In this homework, you’ll write a short blog post about a data set. Your goal is to tell us something interesting using a well-crafted, thoughtfully-prepared data graphic. One data graphic should suffice, but you may include more if you choose (not more than 3 though). Feel free to make plots with multiple panels by using the patchwork package we’ve discussed (or one of the alternatives such as cowplot).

Your blog post should be short (between 100 and 500 words). We envision an introductory paragraph that explains your findings and provides some context to your data, the data graphic(s), and then a caption-like paragraph providing more detail about what to look for in the data graphic and how to interpret it. That is it. You will not earn more points by including more words or data graphics. What we are looking for is something that is insightful and well-crafted.

Here are some examples of articles that are similar in spirit to yours. Most of these are much longer than yours will be, but the idea is similar: use a good data graphic to tell us something we don’t already know.

Data

You are free to use whatever data you want. However, the purpose of this exercise is to learn how to make good plots – not to wrangle data (we’ll do that next). So we don’t want you to spend much time wrangling data. There are perfectly good data sets available through R packages that are already well-curated. Here is a list of packages with data sets.

fivethirtyeight: provides access to data sets that drive many articles on FiveThirtyEight
nycflights13: data about flights leaving from the three major NYC airports in 2013
NHANES: Data from the US National Health and Nutrition Examination Study
Lahman: comprehensive historical archive of major league baseball data
fueleconomy: fuel economy data from the EPA, 1985–2015
datasets: package that contains a large number of data sets

For example, to take a look at the datasets in the fivethirtyeight package, you can do the following:

# install the package 
install.packages("fivethirtyeight") 

# load the package 
library("fivethirtyeight")

# take a look at the data sets that come with the package
data(package = "fivethirtyeight")

# take a look at the help file to get more information about the different data sets (not 
# all packages have help files)
help("fivethirtyeight")

# the "fivethirtyeight" provides a detailed overview over the different data sets with 
# this command
vignette("fivethirtyeight", package = "fivethirtyeight")

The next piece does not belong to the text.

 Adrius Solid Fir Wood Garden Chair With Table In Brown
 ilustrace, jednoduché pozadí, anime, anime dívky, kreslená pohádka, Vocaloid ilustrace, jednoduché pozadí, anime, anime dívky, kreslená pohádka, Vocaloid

# to load a particular data set (e.g. US_births_2000_2014, replace with the name of the 
# data set you'd liked to load) into your environment, run the following 
df.data = bechdel

Note that I’ve set the code chunk option for the code block above to eval=FALSE. Thi way, the code is not evaluated. You can find out more about the different chunk options here.

Women to Watch (Out) For: Visualizations of the Representation of Women in Film

Load packages

Add the package with the data set that you’d like to load below.

library("knitr")
library("tidyverse")
library("fivethirtyeight")

Load the data set

df.data <- bechdel

Description

The representation of women on screen has been historically limited and troubled. A rule-of-thumb measure for the representation of women in films was developed by Alison Bechdel (author of the amazing graphic memoir Fun Home) in her comic strip Dykes to Watch Out For. The Bechdel test assesses whether the film: 1) has at least 2 female characters, 2) who talk to each other, 3) about something other than a man. If a film passes all three criteria, it passes the Bechdel test. The Bechdel test is by no means the perfect measure of female representation on screen - for an example, films that focus on a solitary female character are a threat to the test’s specificity - but it is a useful rule of thumb that can be easily applied to a variety of movies.

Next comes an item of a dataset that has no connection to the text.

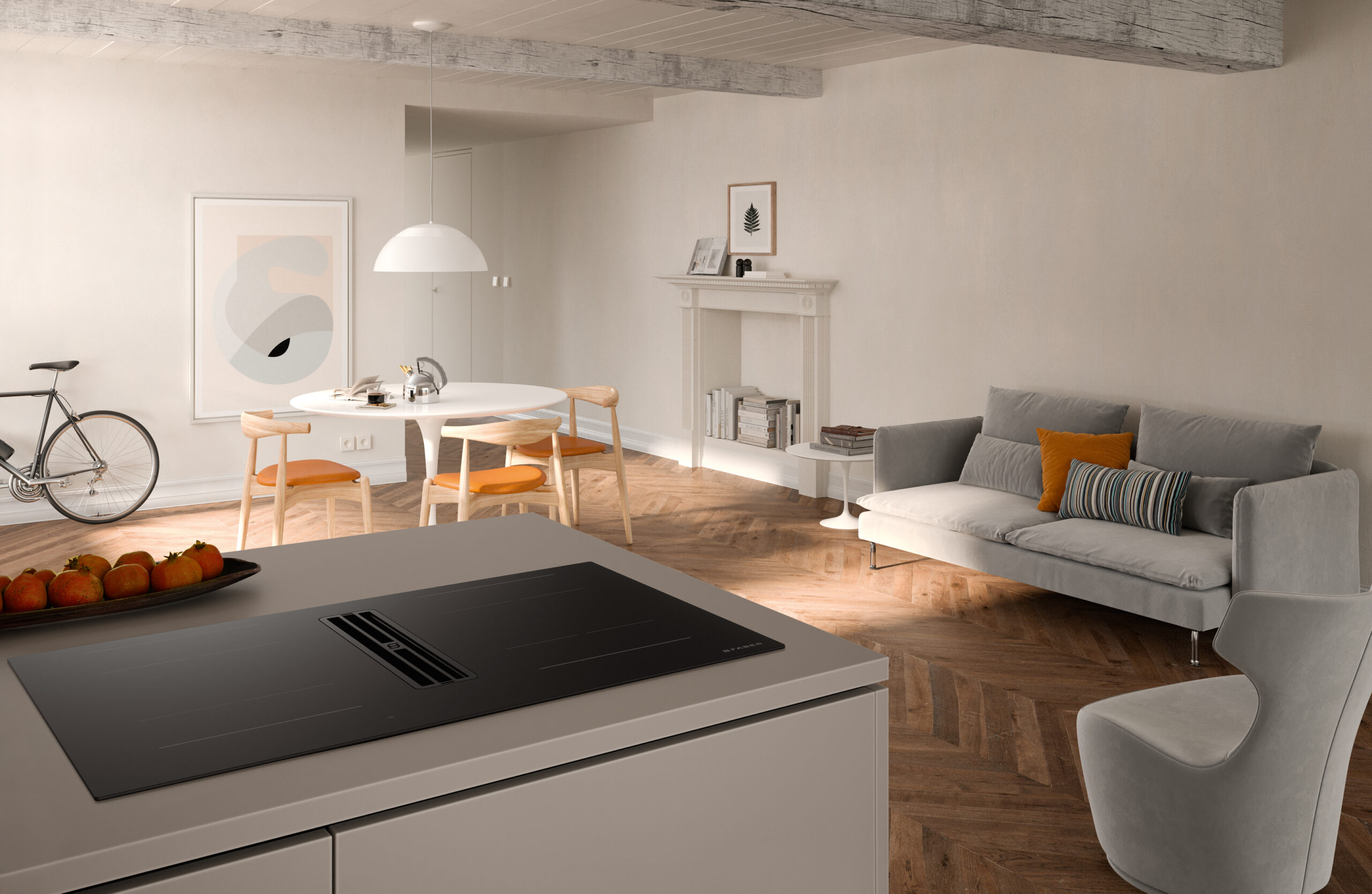 Piano Aspirante Galileo Pure Black di Faber: design total black e aria pi&ugrave; pulita in cucina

The bechdel dataset is a dataset from the fivethirtyeight package that contains information on various films from the 1970s to the present, their Bechdel test status (as drawn from the crowdsourced Bechdel Test website), and their performance. The bechdel dataset was used in the FiveThirtyEight article “The Dollar-And-Cents Case Against Hollywood’s Exclusion of Women”.

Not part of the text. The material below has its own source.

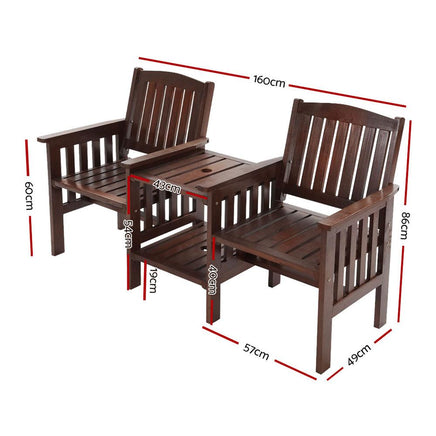 Gardeon Garden Bench Chair Table Loveseat Wooden Outdoor Furniture Patio Park Charcoal Brown Outdoor Furniture Kings Warehouse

Here, I generate two visualizations of the bechdel dataset, which suggest that the representation of women in films (as measured by the Bechdel test) has been improving over time, and that improved representation of women in films may actually be associated with higher rather than lower rates of return on investment.

Data Preparation

#### Hide warnings and messages
knitr::opts_chunk$set(warning=FALSE, message=FALSE)

#### calculate total interntional + domestic gross (2013 adjusted) and return on investment per dollar spent (2013 adjusted) for each film
df.data <- df.data %>% 
  mutate(totalgross_2013 = intgross_2013 + domgross_2013,
         return = totalgross_2013 / budget_2013)

#### recode and order Bechdel test results
df.data$clean_test <- df.data$clean_test %>% 
  recode("nowomen" = "Fails - <2 female characters", 
         "notalk" = "Fails - female characters don't talk to each other",
         "men" = "Fails - female characters only talk to each other about men",
         "dubious" = "Dubious - unclear whether it passes",
         "ok" = "Passes") %>% 
  factor(levels = c("Fails - <2 female characters", 
                    "Fails - female characters don't talk to each other", 
                    "Fails - female characters only talk to each other about men", 
                    "Dubious - unclear whether it passes", 
                    "Passes"))

#### add decade as categorical variable
df.data <- df.data %>% 
  mutate(decade = case_when(
    year %in% 1970:1979 ~ "1970s",
    year %in% 1980:1989 ~ "1980s",
    year %in% 1990:1999 ~ "1990s",
    year %in% 2000:2009 ~ "2000s",
    year %in% 2010:2019 ~ "2010s"
  ))

Figures

#### Set visualizations theme
theme_set(
  theme_classic() + 
    theme(text = element_text(size = 14)) 
)

#### stacked bar plot of how films do on the Bechdel test by decade
ggplot(df.data, aes(x = decade, fill = clean_test)) + 
  geom_bar(position = "fill") +
  scale_fill_brewer(type = "seq", palette = 1, direction = 1, aesthetics = "fill", name = "Bechdel result") +
  ylab("Percentage of films released") + 
  theme(legend.position = "bottom") + 
  guides(fill = guide_legend(nrow = 5))

A stacked bar plot of Bechdel test results by decade. The proportion of films released that pass the Bechdel test has been growing decade by decade, which is great news for the representation of women on screen! The stacked bars allow us to see that there are fewer movies failing step 2 of the test, namely, that there are fewer movies with 2 or more female characters who fail to talk to each other.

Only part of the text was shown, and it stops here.